The PPV&FR Act is “more than UPOV”, and “looks at India’s lasting requirement for food”, Dr Nagarajan said. There have been concerted efforts at promoting information about the rights and protection offered under the Act. NGOs representing communities, State Agricultural Universities had all been roped in to disseminate information at a local level. Modes of awareness generation include direct awareness campaigns (about 30-40 so far), an specially designed DVD, handouts, regular participation in farmers’ melas, advertisements in newspapers and other media.
A PPV&FR Authority initiative called InDUS is waiting in the wings, ready to be launched soon – it is a computerised database of varieties, named for ‘Indian Initiatives on DUS’, i.e., Distinctness, Uniformity and Stability – the three fundamental criteria for protection of varieties under the Act. The data characteriastion of the varieties has been done by ICAR to develop descriptors for 45 crops that are presently covered by the Act.

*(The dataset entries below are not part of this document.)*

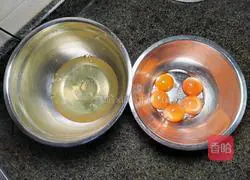 Zebra pattern chiffon cake recipe 2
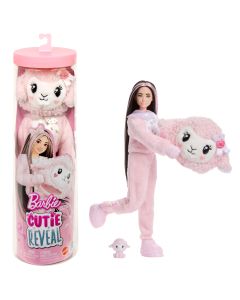 BARBIE CUTIE REVEAL CARE BEARS SWEET BOWS siurprizų rinkinys – avytė (JJP66)
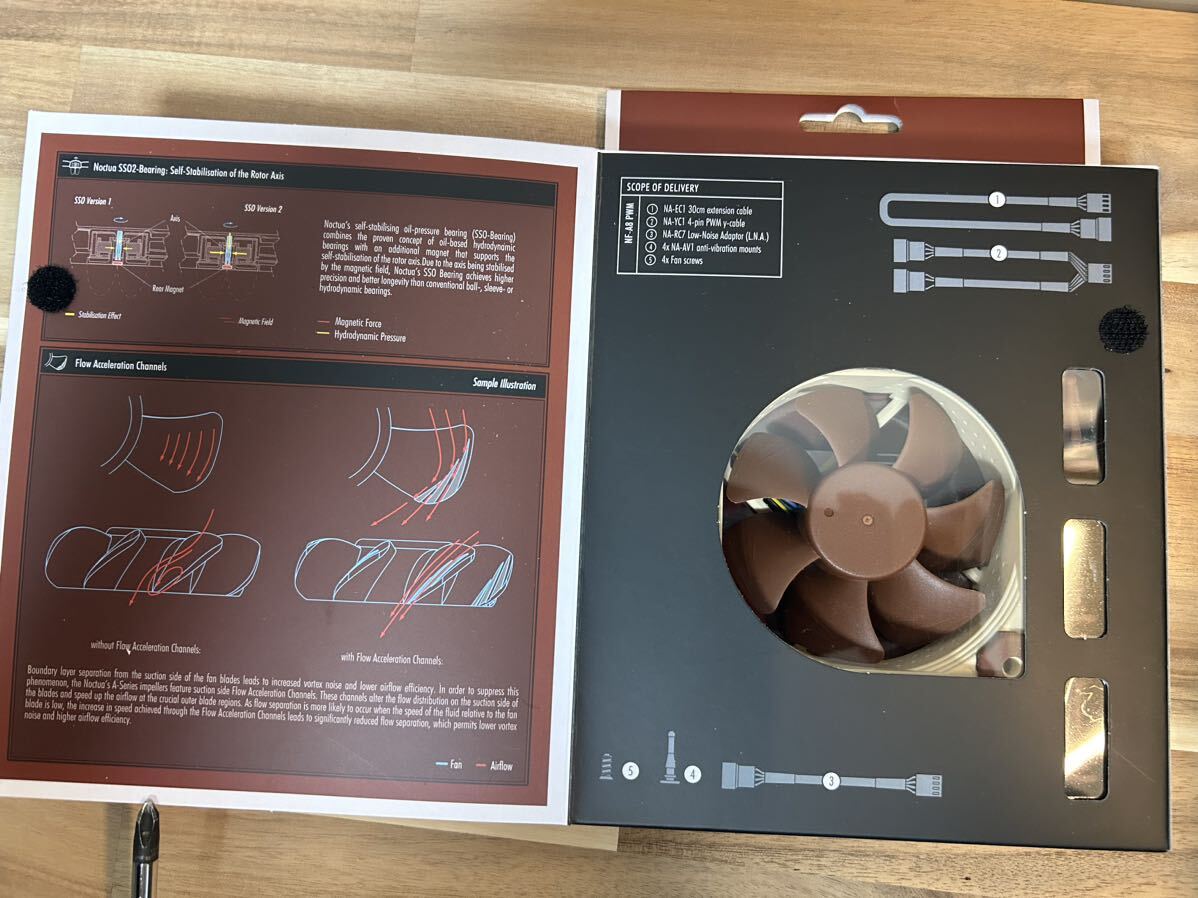 【動作確認済】ノクチュア　80mmファン　NF-A8 PWM PREMIUM FAN Noctua静音ファン _画像5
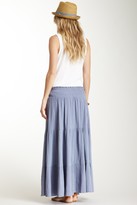 Thumbnail for your product : Chaudry Tiered Solid Maxi Skirt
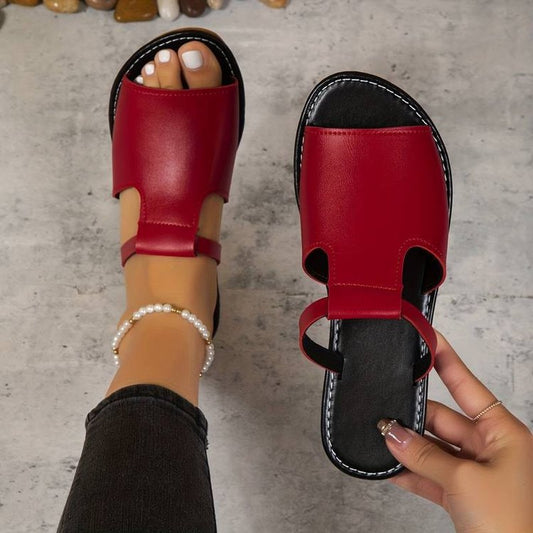 Damen Komfortable Sandalen mit modischem Riemendesign Stalluxe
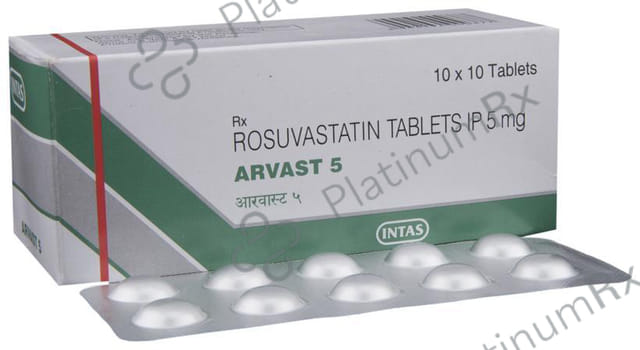 Arvast 5mg Tablet 10s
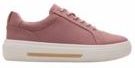 Clarks - Hollyhock Walk - Casual Sneaker - Mauve - Nubuckleer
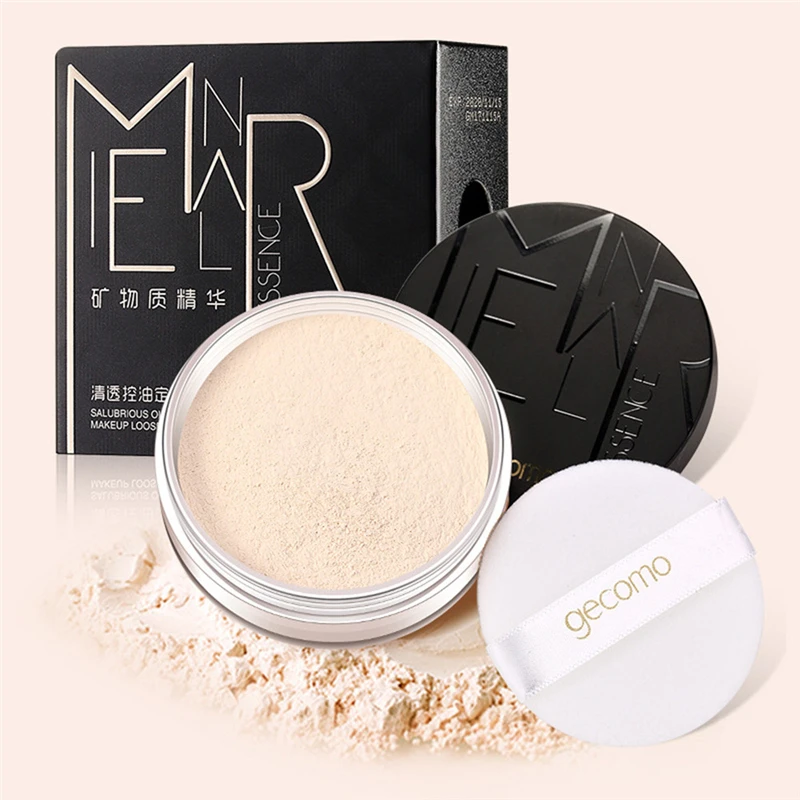 Свободная пудра для макияжа с контролем жирности не снимает пот свободная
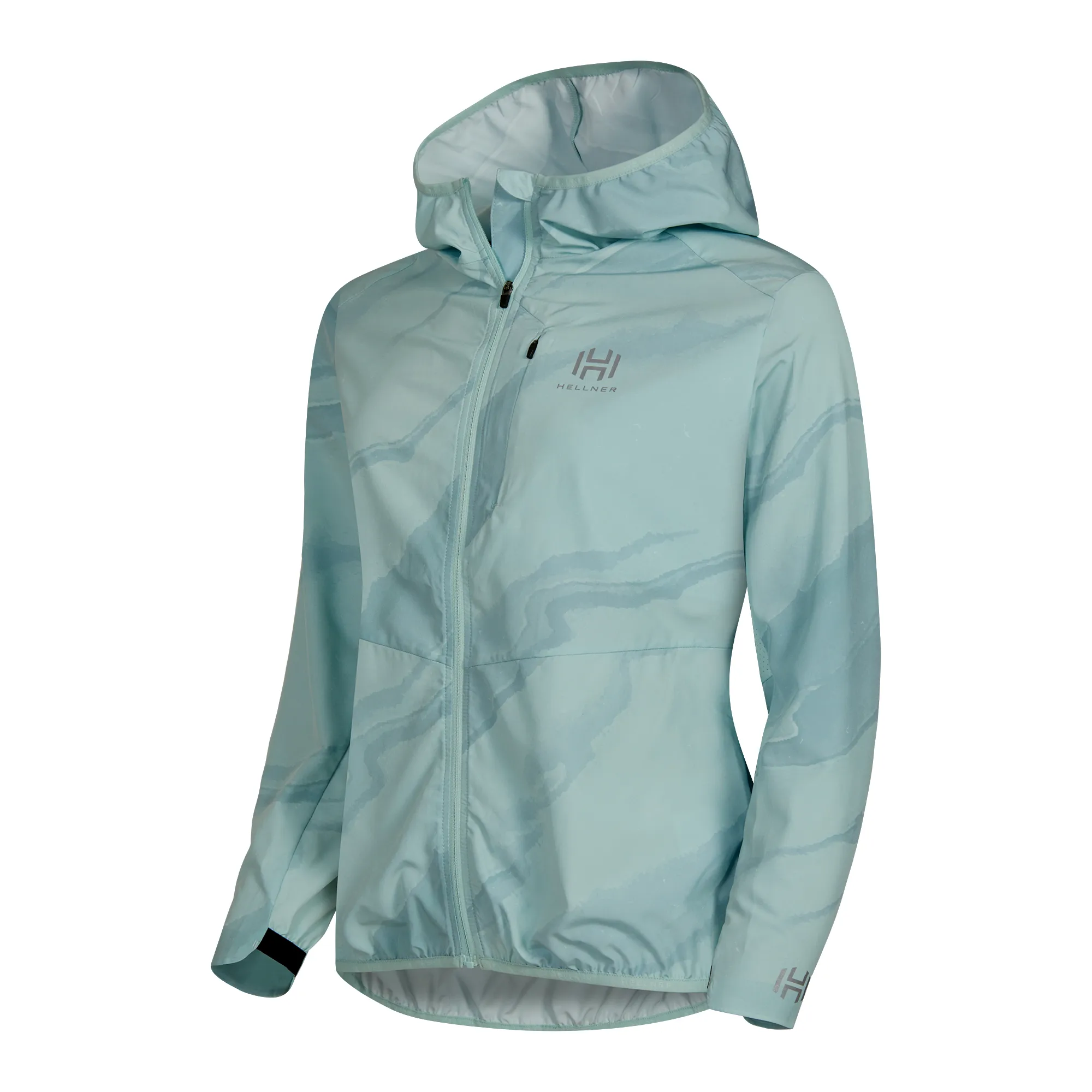 Hellner Women's Aras Running Jacket Blue Haze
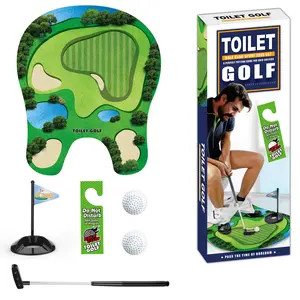 Toilet Golf Ball Quiet Practice Ball Scene Leisure Entertainment Sports Toy Toilet Mini Set, Fun Indoor Game Accessory, Perfect Gift for Kids & Adults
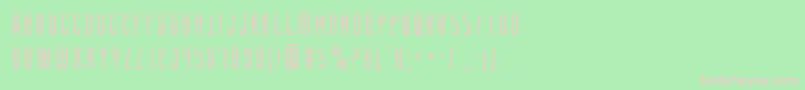 Yfilesgrad Font – Pink Fonts on Green Background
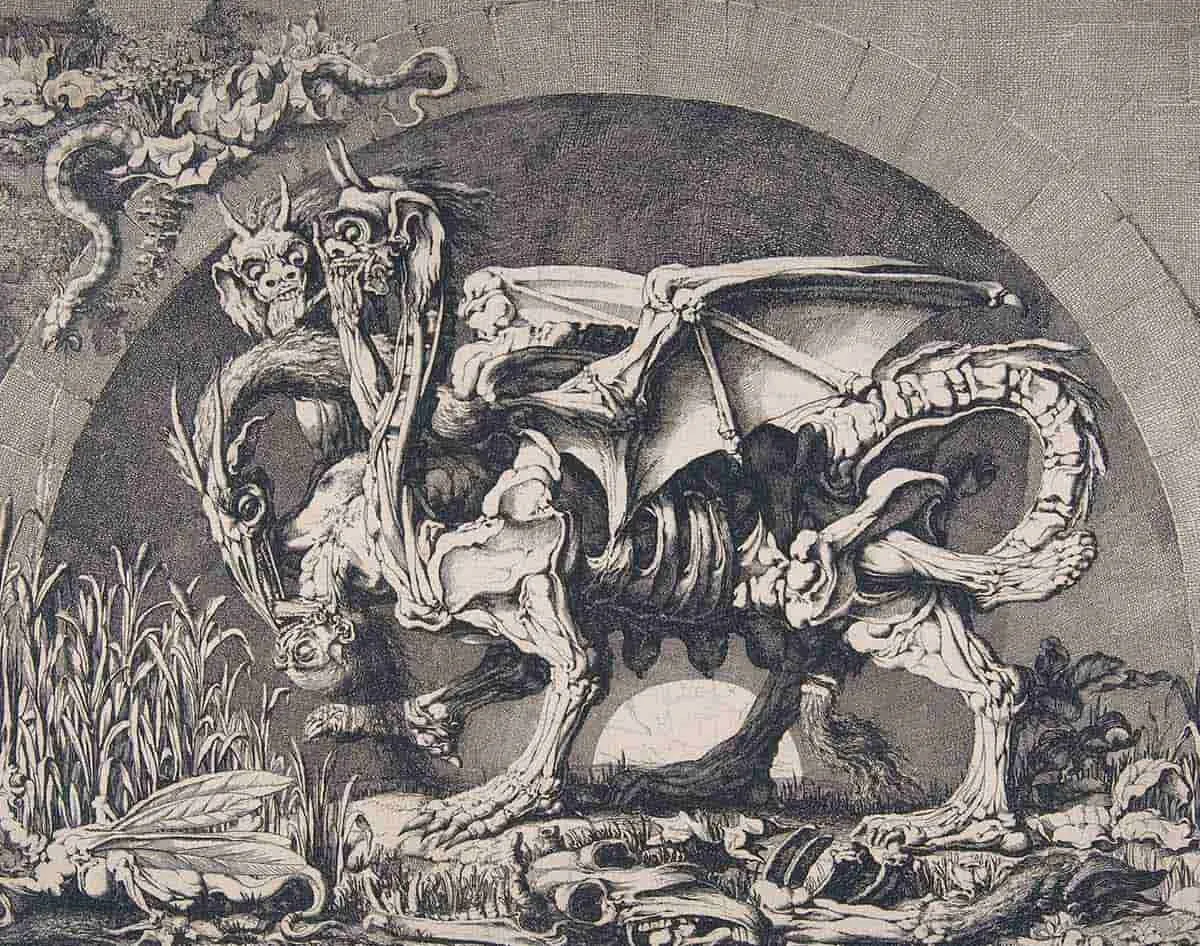 希腊神话三头火龙喀迈拉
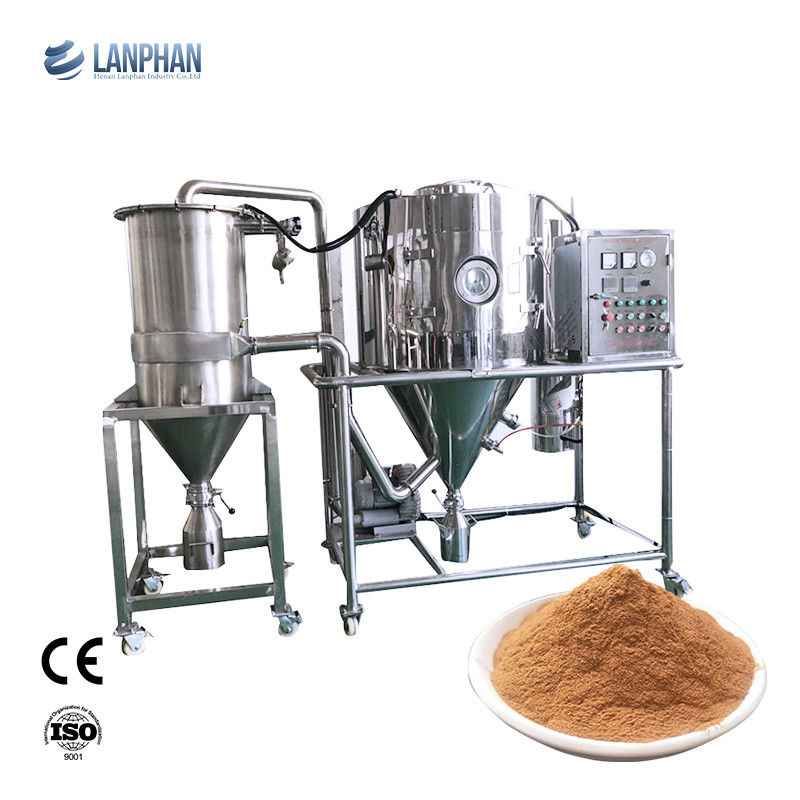 22000rpm Centrifugal Spray Dryer Machine with 10kg/h Water Evaporation for Laboratory Powder Making
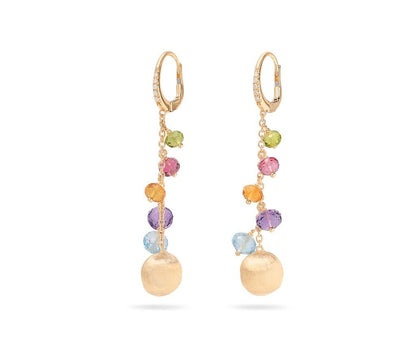 Marco Bicego's 18K Yellow Gold Africa Gemstones Diamond Drop Earrings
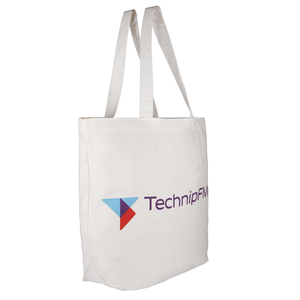 Venta caliente de moda bolsas de mano reutilizables personalizadas respetuosas con el medio ambiente bolsa de lona de gran capacidad bolsa de lona para mujer - Product Image 2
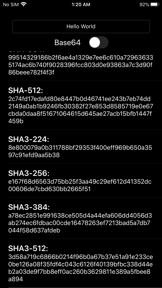 Hash Algorithm Generator screenshot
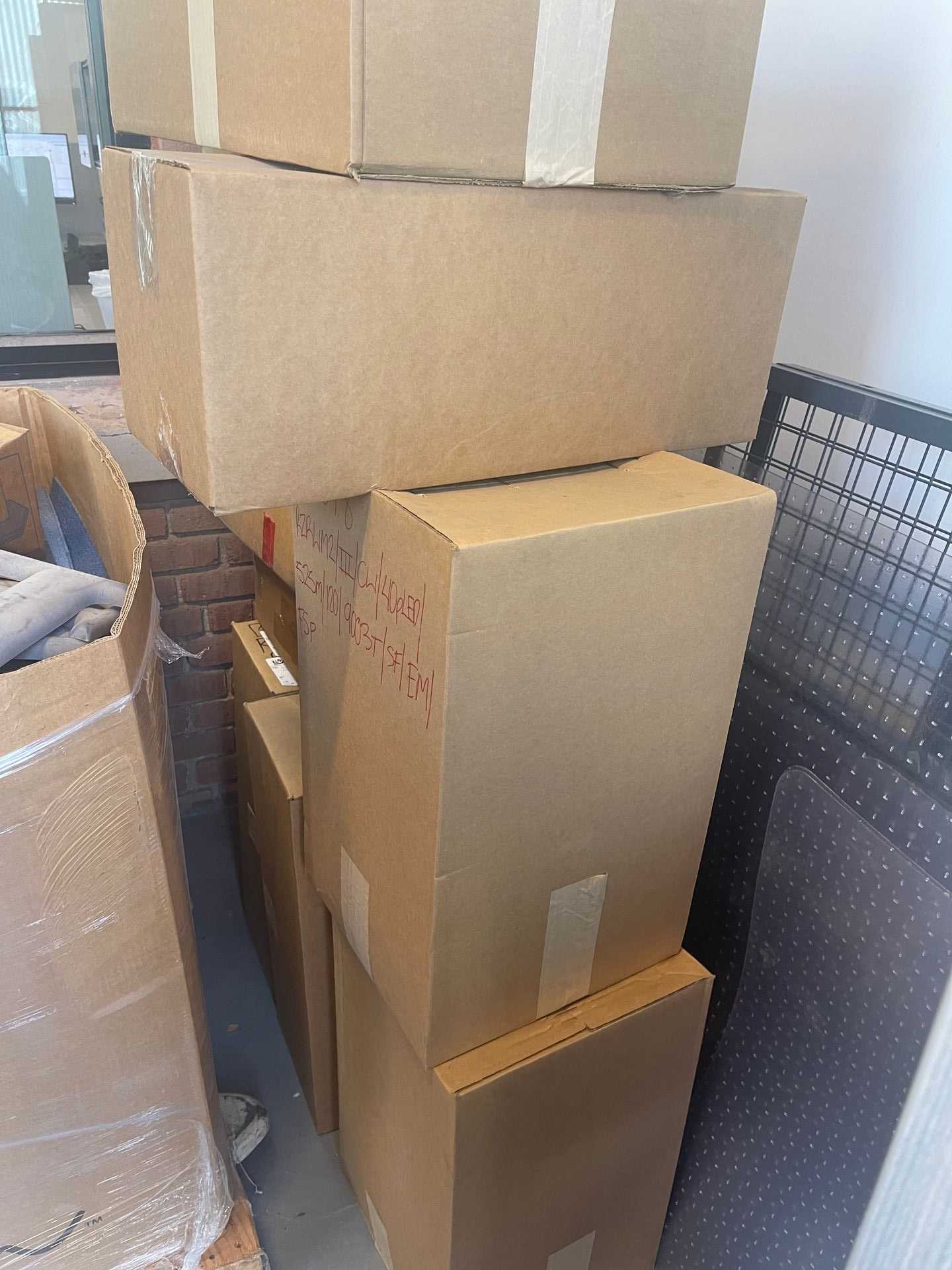 Bulk Lot of Lighting Package Equipment Including Wall Mount Lights, Drivers, Exit Signs & More - LIGHTING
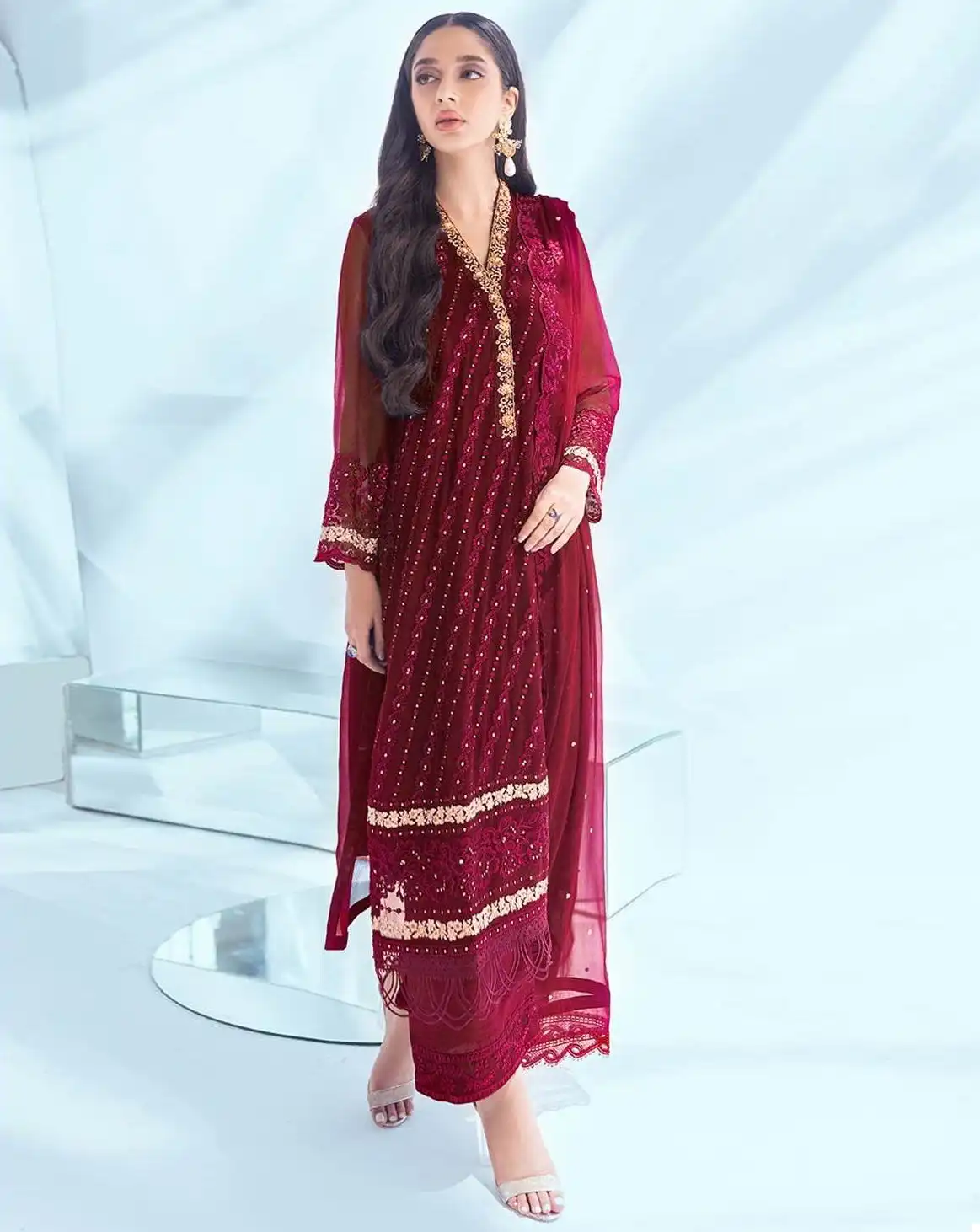 Zarqash Z 3030 Georgette Wholesale Pakistani Salwar Suit Catalog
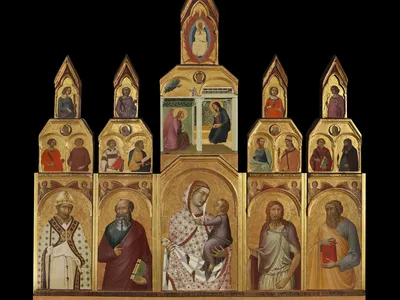 Tarlati Altarpiece, Pietro Lorenzetti, circa 1320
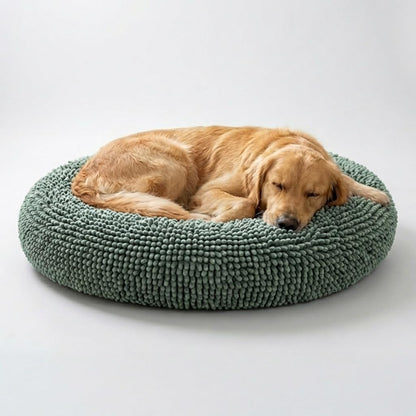 Plush Donut Pet Bed with Removable Cover
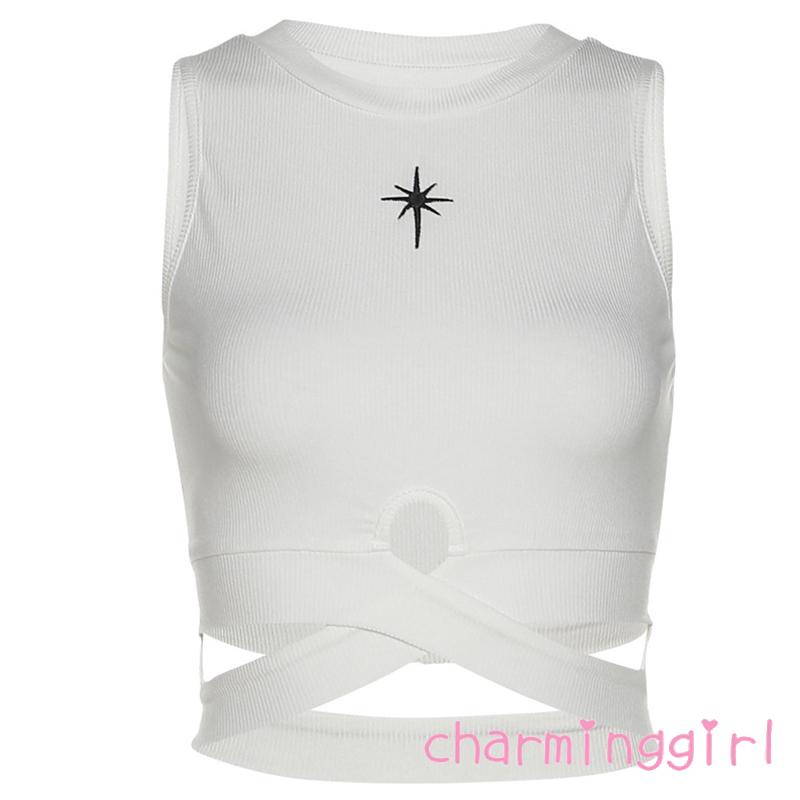 Áo Dệt Kim Sát Nách Cổ Tròn Họa Tiết Độc Đáo Thời Trang Mùa Hè Cho Nữ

However, although it has not been mass-marketed as yet, there is speculation that there may not be many takers for this database, because it is a payment-based usage (requests for information will be accepted by the Authority, and the database will be sourced for appropriate information). I think we’ll need to wait till the database is actually up and running before taking a call on what it will be like.
The Authority itself is comfortably staffed, with a 40-person operation from its Delhi office. However, in view of increasing activity, there are already proposals to have regional offices in the future.
Plant genetic resources, and the National Gene Fund
The discussion took its own turn when we started to talk about the wealth of plant genetic resources that an agri-biodiversity “hotspot” like India posseses. Dr Nagarajan pointed out that agri-research institutions needed to take the lead in protecting, preserving and cataloguing such resources.
“The plant genetic resources of each state will be as valuable as river water resources. Every 200 kilometers has a different agro-climate, soil structures, different taste, physiological requirements. Genes are like capital assets, and there is immense potential for trading in plant genetic resources,” he said.
Specifically, he gave the example of rice varieties of Tamil Nadu and Andhra Pradesh which could be grown and/or marketed in the Irrawaddy delta, and further south, in Thailand. There were a large number of plant varieties that are simply being rejected, for lack of enterprise or interest, or other reasons. Recommending that Indian seed companies could tie up with other seed companies in developing countries, he said it was important to cash in on the overlap of food habits across regions, and encourage “Regional Networking“, which is not practiced on a large-enough scale.
There are “concealed opportunities in trait-trading in life-forms“, he suggested, which I found particularly novel – what I understood from this was that individual traits (e.g., high yield, pest-resistance, etc) could be individually genetically traded, over and above specific varieties.
The National Gene Fund created under the Act (S. 45), Dr Nagarajan said, contrary to belief, has nothing to do with the Convention on Biological Diversity. One major purpose of the Fund is to protect biodiversity, and by extension protect gene suppliers – in the absence of such protection, there will be a “gene famine”. There will be access to benefit sharing under the Gene Fund, and it specifically targets tribal and other farmers who have retained genes and other features of plants for millennia. A system such as the Gene Fund is a “pre-requisite for a sustainable/lasting plant breeding programme in India”.
At the end of it all, when I asked him what he felt were the challenges that he and the Authority had faced in implementing the law, Dr Nagarajan pithily, and perhaps diplomatically, said that that “the law is functional”. I suppose the optimistic interpretation of this is that the wheel is turning, and things are on track.